## INSTRUCTIONS TO FOLLOW
Output exactly, in the material below, the lines from the one with "Termostat, płyn chłodzący" through the one with "Grey Knights Dice Set". Omit all pictures.

## TASK DATA
★ ★ ★ ★ ★

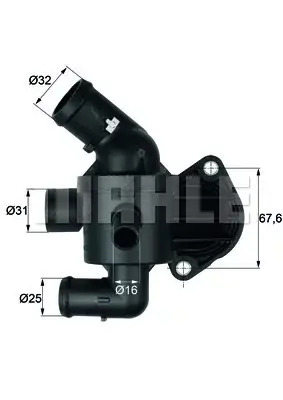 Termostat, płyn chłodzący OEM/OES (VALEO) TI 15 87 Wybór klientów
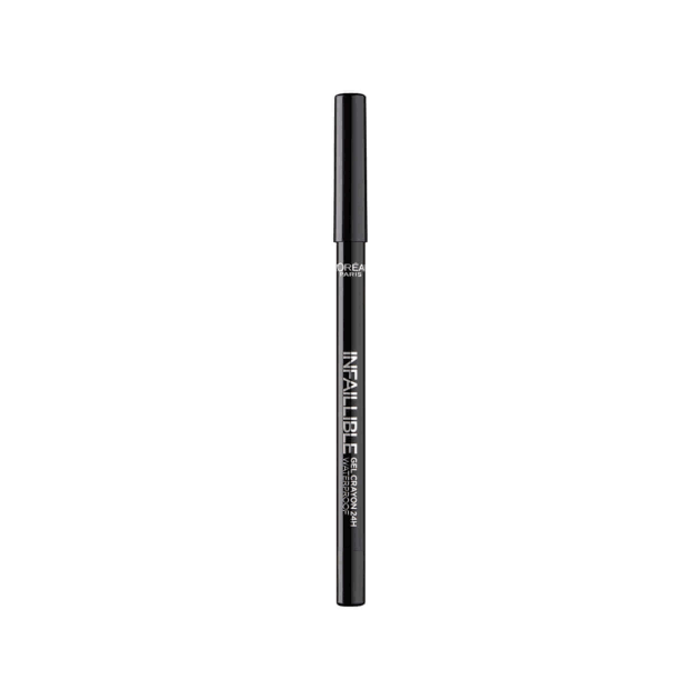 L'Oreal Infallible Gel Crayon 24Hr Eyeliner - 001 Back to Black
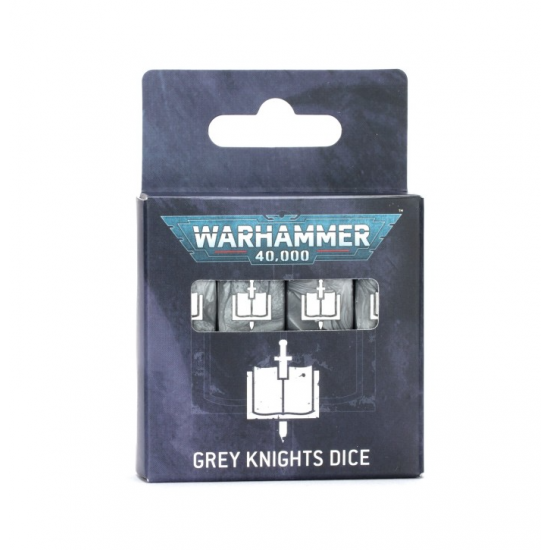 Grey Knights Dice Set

★ ★ ★ ★ ★

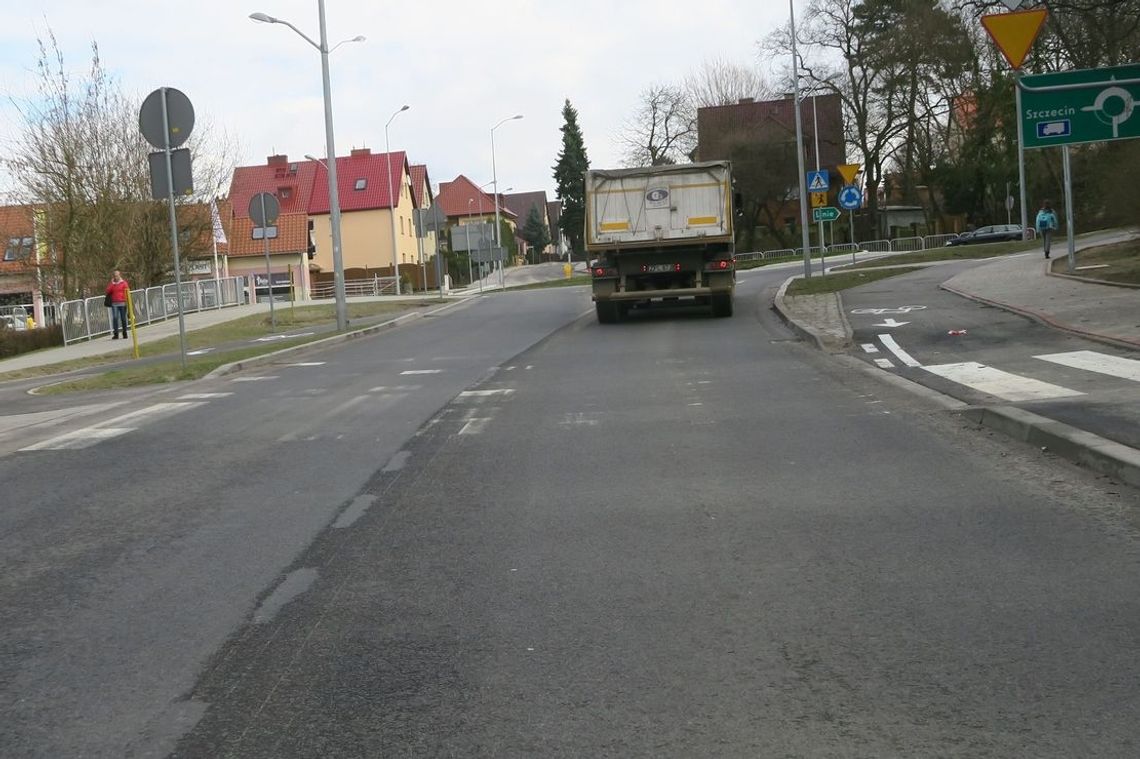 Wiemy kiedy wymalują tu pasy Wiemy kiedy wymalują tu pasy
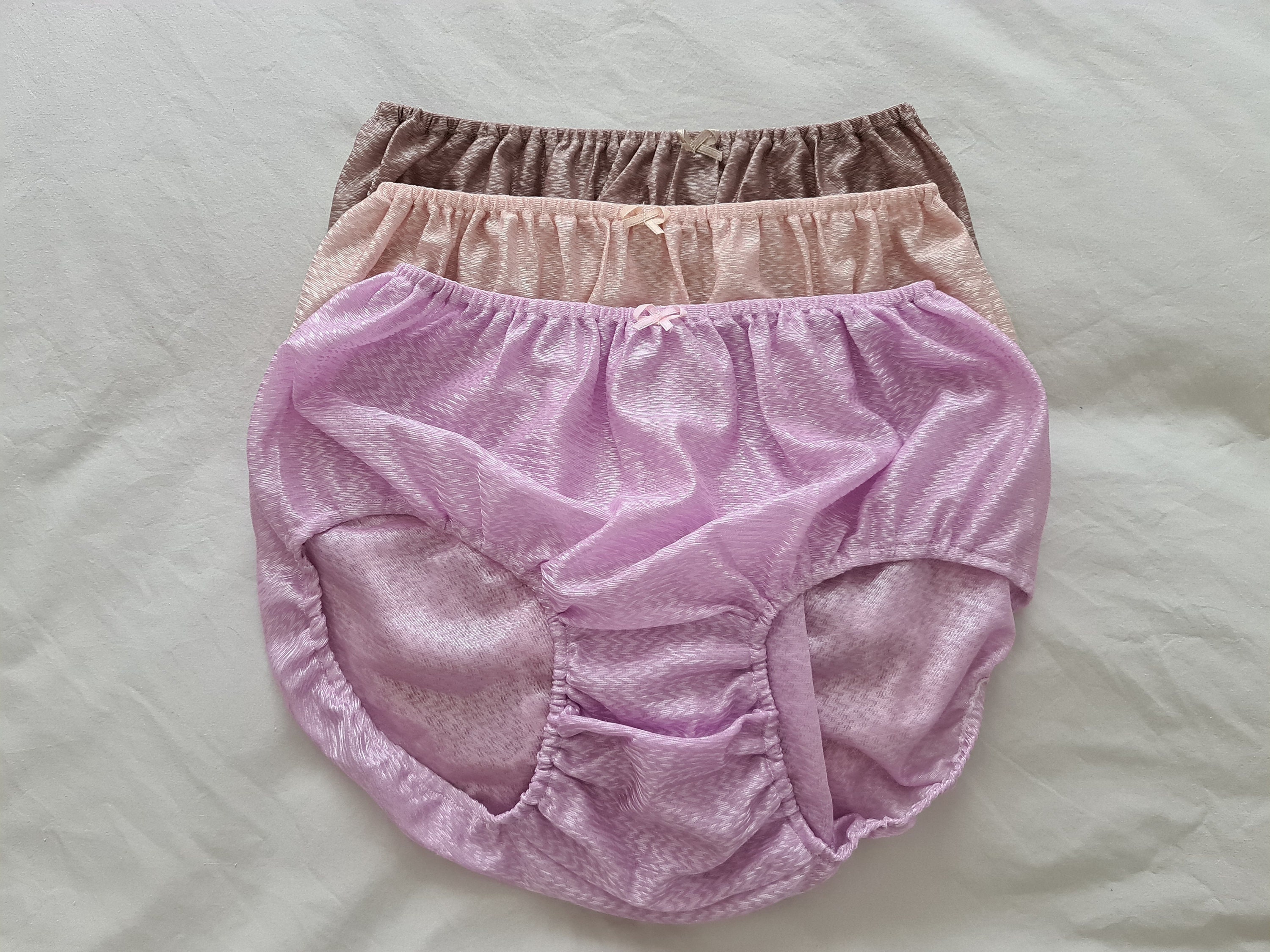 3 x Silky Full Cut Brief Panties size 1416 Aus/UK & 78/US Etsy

★ ★ ★ ★ ★

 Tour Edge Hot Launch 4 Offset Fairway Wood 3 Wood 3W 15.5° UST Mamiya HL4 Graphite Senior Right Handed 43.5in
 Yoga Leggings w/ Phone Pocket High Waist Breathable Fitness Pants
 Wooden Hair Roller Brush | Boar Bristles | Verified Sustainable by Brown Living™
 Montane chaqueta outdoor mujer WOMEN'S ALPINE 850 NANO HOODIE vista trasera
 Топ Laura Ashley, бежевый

★ ★ ★ ★ ★

## OUTPUT FOR THIS EXERCISE
 Termostat, płyn chłodzący OEM/OES (VALEO) TI 15 87 Wybór klientów
 L'Oreal Infallible Gel Crayon 24Hr Eyeliner - 001 Back to Black
 Grey Knights Dice Set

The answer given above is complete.